4.2. The J88 report completed by the witness Doctor Themba Khambule corroborated complaint’s evidence with regard to the injuries suffered and the treatment she suffered at the hands of the appellant.
[5] After testing complainant’s competence as a witness and weighing her evidence and that of the other state witnesses against that of the appellant, the magistrate found that the state had proved its case beyond a reasonable doubt and convicted the appellant.
[6] It is correct that the charge sheets attached to the case record refer to different accused and case numbers. However, the contents thereof refer to the complainant in this case, date of offences and charges pertaining to the subject matter of this case. The rest of the record seems to indicate a typographical error in the said charge sheets.

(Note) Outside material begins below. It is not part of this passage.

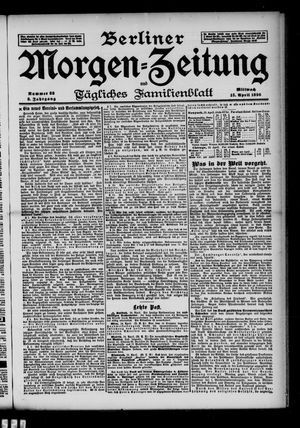 Berliner Morgenzeitung vom 15.04.1896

[7] It is also correct that the Magistrate concluded that there were substantial and compelling circumstances present which enabled the court a quo to deviate from the sentence of life imprisonment prescribed in the Criminal Law Amendment Act 105 of 1997 (commonly referred to as the Minimum Sentences Act).
[8] The court a quo found the following to be mitigating factors:
Appellant is a first offender who is not married, unemployed and without dependants. He spent 38 months in prison pending the outcome of the trial. The magistrate also considered in appellant’s favour that complainant, who was twelve (12) years old when she testified did not appear to show any residual adverse effects whilst testifying in court.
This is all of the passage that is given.